書籍の紹介『自動運転の幻想』

書籍『自動運点の幻想』の表紙です。

『自動運転の幻想』
上岡直見著
緑風出版
2019年6月刊
四六判 223ページ
2500円+税
ISBN
978-4-8461-1911-9 C0036

国も後押しして開発が進む自動運転車。
交通事故を減らせる、過疎地の移動の不便を解消するなどと言われ、期待を寄せる人もいますが、技術の限界、事故時の責任の所在、実用性など課題は多くあります。
そもそも道路構造にも問題が多い(狭隘で歩道がない、未整備、複雑な交差点等々)日本で、違反横行のドライバーと混ざって自動運転車がまともに走れるのか、安全上無人運転までの道のりが遠いなら運転手不足解消になるのか、といった素朴な疑問も尽きません。

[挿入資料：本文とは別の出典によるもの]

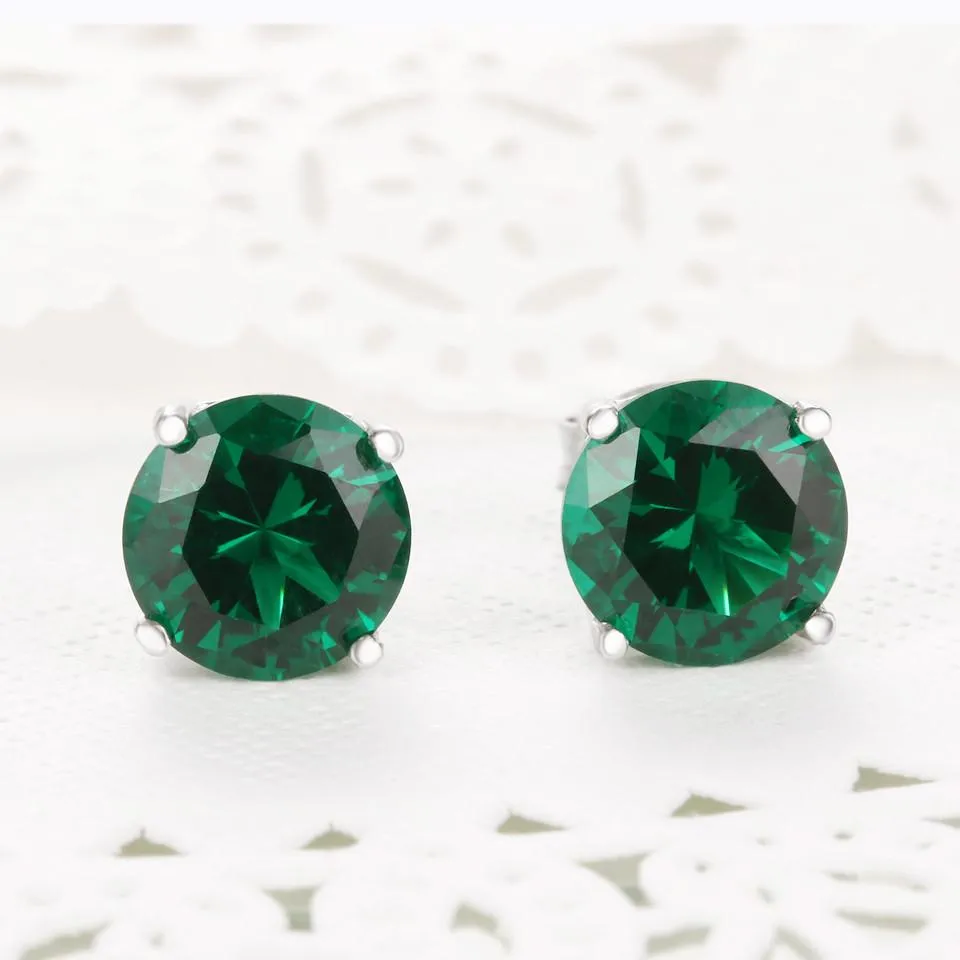 Nano Russian Emerald Genuine 925 Sterling Silver Stud Earrings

本書は、そうした疑問をはじめ、自動運転に関するさまざまな問題を多角的にとり上げ、技術者である著者の視点で、シビアに分析し、「限界」を伝えています。
読むうちに、今のクルマ社会自体の歪んだ現実、課題も浮かび上がってきます。
自動運転に過剰な幻想を抱いて大金と知恵をつぎ込む以前に、改善すべきは現状であるとのメッセージのように感じます。

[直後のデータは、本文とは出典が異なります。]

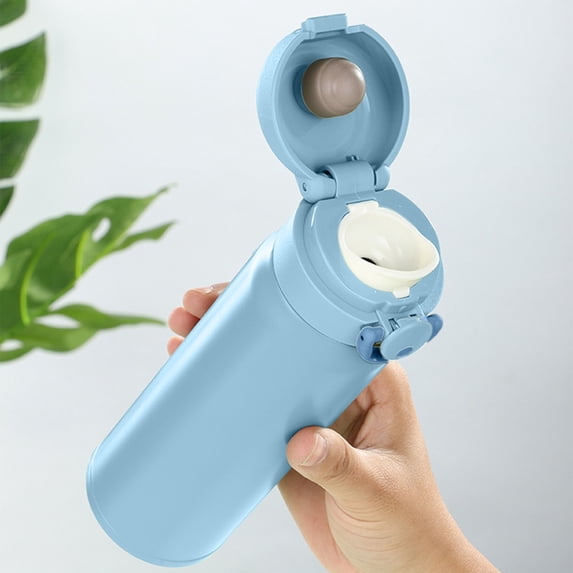 Stainless Steel Insulated Water Bottle with Locking Lid - 18oz Thermal Travel Mug for Hiking, Gym, Office, and Outdoor Use - Leak-Proof, Easy-Clean Design with Carrying Handle and Carabiner Clip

自動運転はEV(電気自動車)と相性がよく、もし自動運転EV車が主流となれば、現在はエンジン車を主として成り立っている自動車産業自体も大きな転換を迫られること、大幅な電力需要増加で原発容認社会となっていくであろうことも示唆しています。

著者の説に反論、異論を持つ人も当然いるでしょう。
しかし、ともあれ、自動運転に関心のある人は、開発関係者も含めて一読する価値があると思います。


目次より(各章の中の小項目は一部抜粋紹介)

第一章 自動運転の基本事項
自動運転とAI/自動運転の「レベル」/自動運転と軍事、など

第二章 自動運転の障壁
認識と判断の壁/人と機械の分担の壁/処理能力やデータの壁/道路交通法の壁/自動運転車の事故は誰の責任か、など

第三章 自動運転車と交通事故
交通事故は構造的な問題/日本の運転慣習と自動運転/車と歩行者の関係/悪質運転は防げるか、など

第四章 人と物の動きから考える
車「強制」社会/「停まる凶器」/人口希薄地帯のモビリティ/新しい移動サービス/バスと自動運転/「人が不要」という幻想/物流と自動運転/自動運転車と格差、など

第五章 経済とエネルギー
自動運転と自動車産業/内需と輸出/EVは「走る原発」/FCV(燃料電池車)も「走る原発」/エンジン車も「走る原発」、など


(足立礼子)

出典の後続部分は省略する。